Conditional rowwise sum of subset of columns in specific row dplyr
If you want to efficiently update a single row (or small subset of rows) I would use direct assignment, not dplyr
.
var_cols = grep(names(df), pattern = "var[0-9]+", value = T)
recalc_id = 2
df[df$ID %in% recalc_id, "var_total"] = apply(df[df$ID %in% recalc_id, var_cols], 1, \(x) sum(x[x > 0]))

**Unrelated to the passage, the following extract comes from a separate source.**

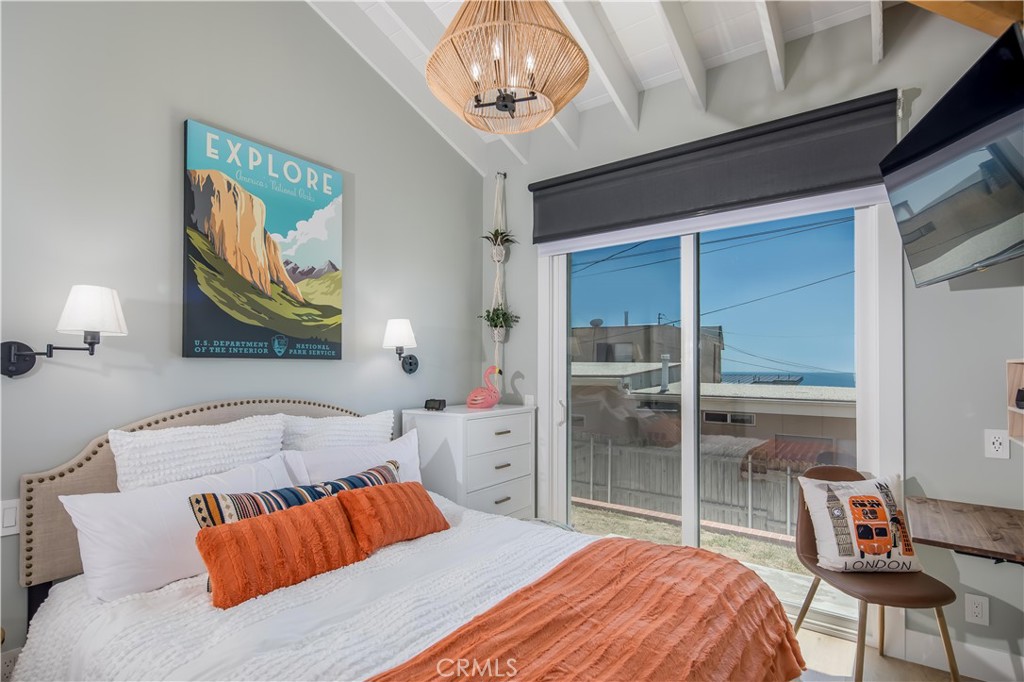 33751 Copper Lantern Street Property Photo 13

As akrun points out in comments, if it is just a single row, the apply
can be skipped:
i = which(df$ID == recalc_id)
row = unlist(df[i, var_cols])
df$var_total[i] = sum(row[row > 0])
Here's the same thing with dplyr::case_when
, for a dplyr
solution:
df = df %>%
rowwise() %>%
mutate(var_total = case_when(
ID %in% 2 ~{
x <- c_across(starts_with('var[0-9]+'))
sum(x[x > 0])
},
TRUE ~ var_total
)
)
(Note that in both cases we need to change the column name pattern to not include var_total
in the sum.)
rowwise
breaks some vectorization and slows things down, so if you are so concerned about efficiency that recalculating the sum is "too slow", I'd strongly recommend the base
solution. You might even find a non-conditional base solution to be plenty fast enough for this row-wise operation.